→ Aim of the exercise: Reproduce, exactly and only, the lines of the data that follows from the one containing "Load image into" down to the one containing "Tradeasia Int - Company Profile EN", without pictures.

→ Listed entries:
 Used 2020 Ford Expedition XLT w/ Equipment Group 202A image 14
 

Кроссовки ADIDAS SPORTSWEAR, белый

--

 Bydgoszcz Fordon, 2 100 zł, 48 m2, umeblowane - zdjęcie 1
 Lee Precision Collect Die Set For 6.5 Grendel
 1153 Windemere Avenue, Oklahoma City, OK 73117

==

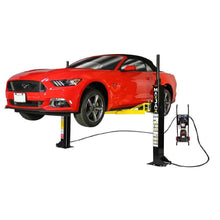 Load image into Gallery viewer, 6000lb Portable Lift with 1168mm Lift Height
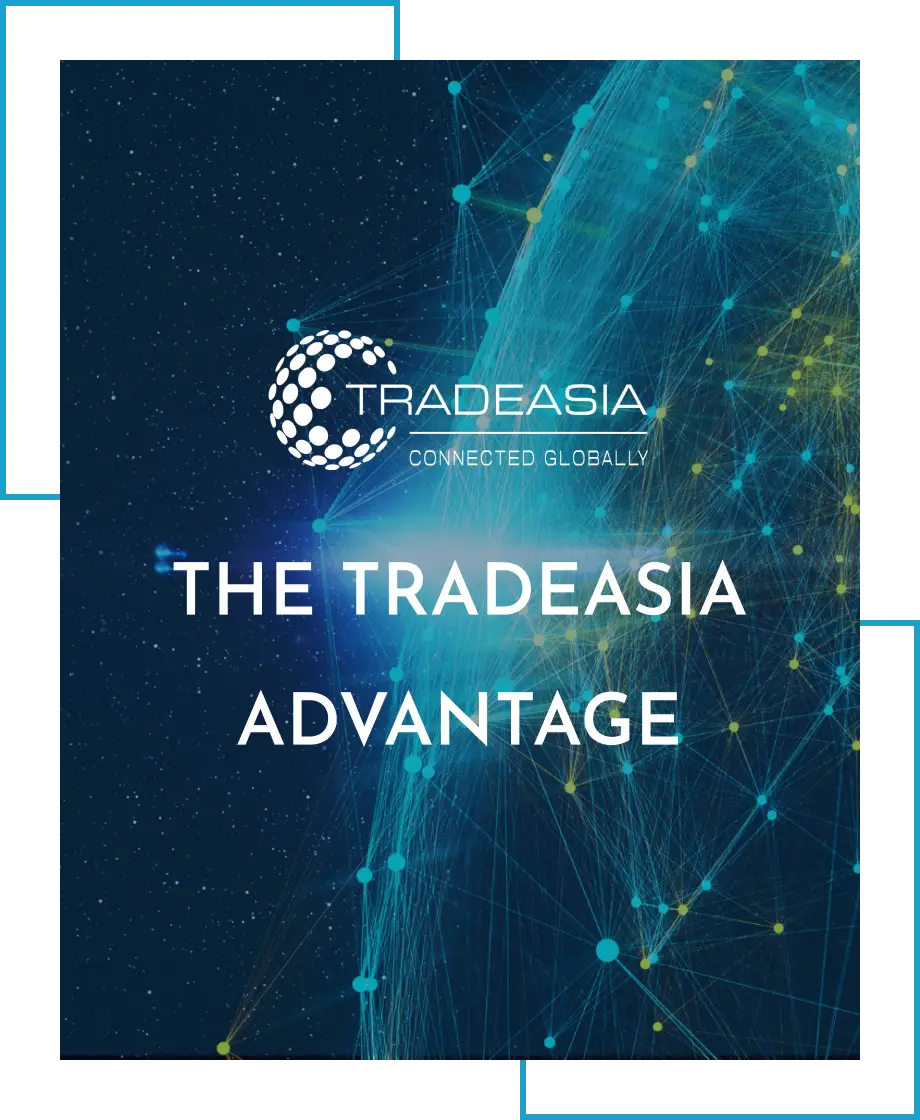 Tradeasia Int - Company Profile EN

→ Solution to the exercise:
 Load image into Gallery viewer, 6000lb Portable Lift with 1168mm Lift Height
 Tradeasia Int - Company Profile EN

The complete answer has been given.